Problem statement – Retype the listing exactly as it stands, and keep every image out.

Given material –
*** Block opens ***
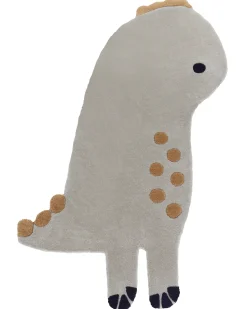 Online Beliani Tappeto per bambini DINO 100 x 160 cm Lana Grigio
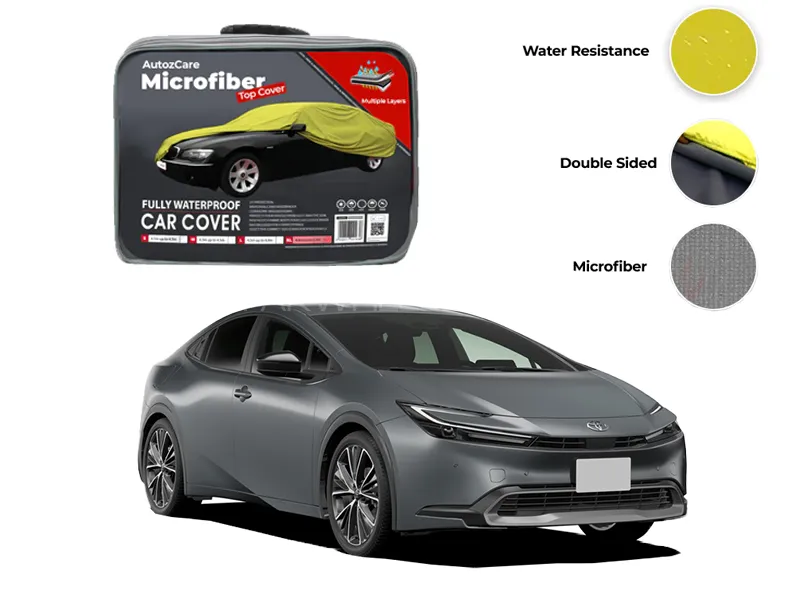 Toyota Prius HEV Microfiber Car Top Cover - Model 2022-2025 Image-1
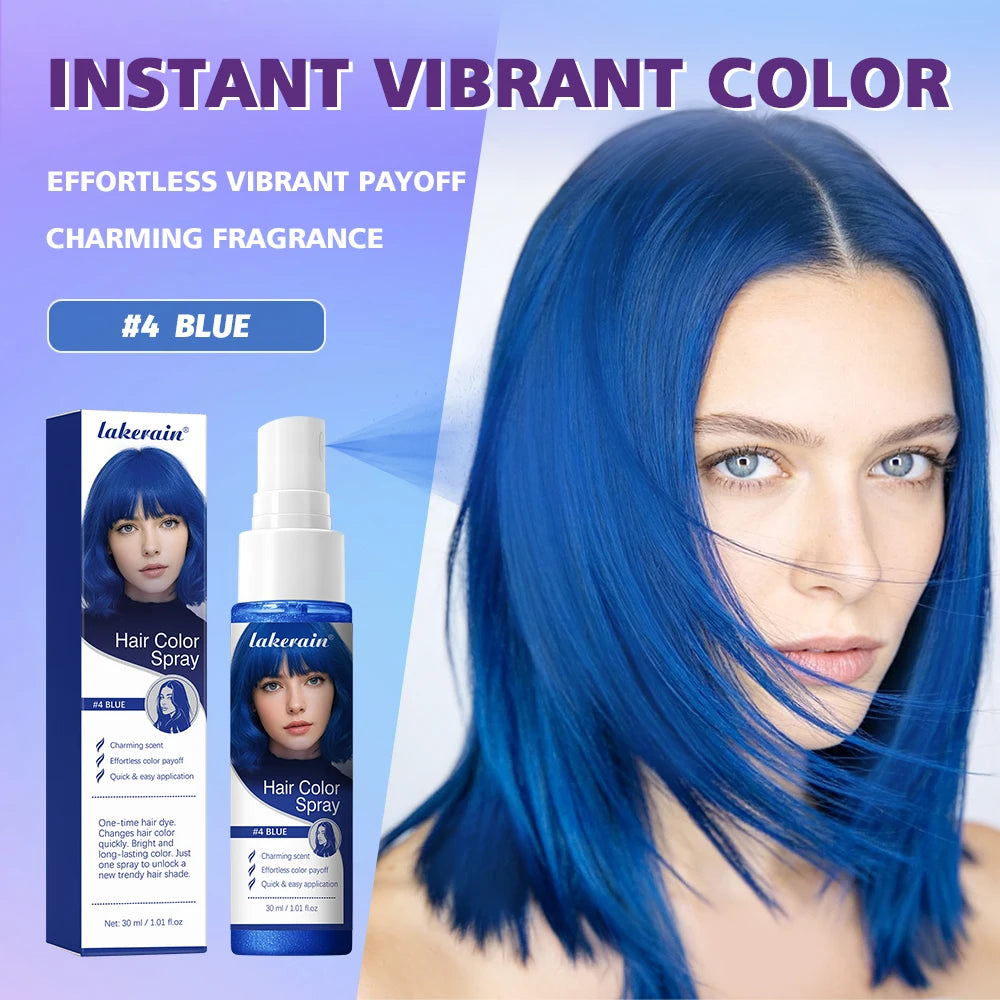 Temporary Hair Color Spray Washable DIY Dye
*** Block closes ***
Response –
 Online Beliani Tappeto per bambini DINO 100 x 160 cm Lana Grigio
 Toyota Prius HEV Microfiber Car Top Cover - Model 2022-2025 Image-1
 Temporary Hair Color Spray Washable DIY Dye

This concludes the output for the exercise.